The Postal Service is in a position not many Americans can claim: debt free. But even a projected surplus won't stop next month's postal rate increase, which the service says is needed to cover a congressionally mandated expense.
Once $11 billion in the red, the post office paid off the remaining $1.8 billion of its debt in 2005, postal Chief Financial Officer Richard Strasser said Tuesday.
It's the first time the Postal Service has been without debt since it was organized from the old post office in the 1970s.
Overall, the Postal Service finished fiscal 2005 with a $1.4 billion surplus on revenue of $69.9 billion and investment income of $86 million, minus expenses of $68.3 billion and interest of $265 million.
Strasser said the agency's plan for 2006 was for a $1.3 billion surplus, but a requirement that it place $3 billion in escrow is forcing it to raise postal rates on Jan. 8 to cover the added expense.

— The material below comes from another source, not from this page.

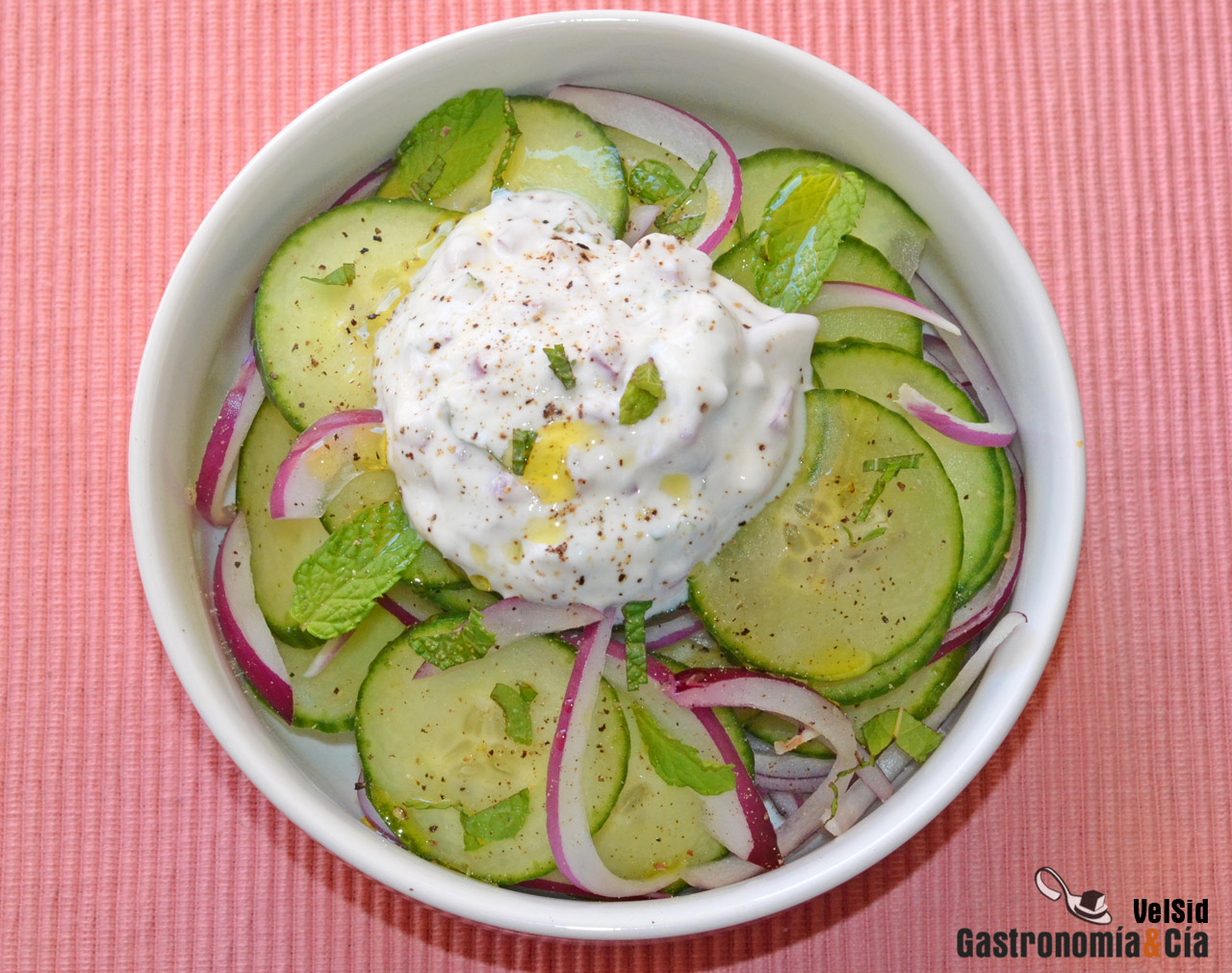 Ensalada de pepino con salsa de yogur y hierbabuena, se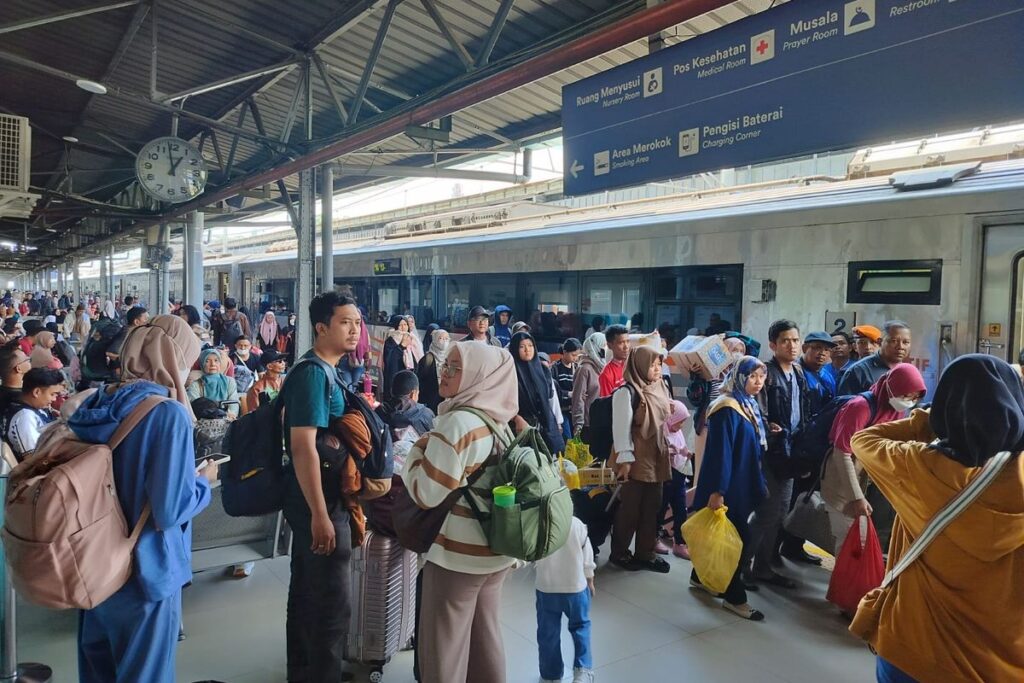 KAI-Penumpang-Jarak-Jauh-4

The price of a first-class stamp will go from 37 cents to 39 cents and other rates will rise accordingly.
And since January's increase is needed solely to cover the escrow requirement the agency is expected to announce another increase next year to take effect in 2007, to cover rising costs.
Fiscal 2005 was also the first time advertising mail has topped first-class mail in volume. The post office handled more than 100 billion pieces of what it calls standard mail, compared to 98 billion first class letters.
Both were up and total mail volume rose 2.7 percent to 212 billion items, the agency said.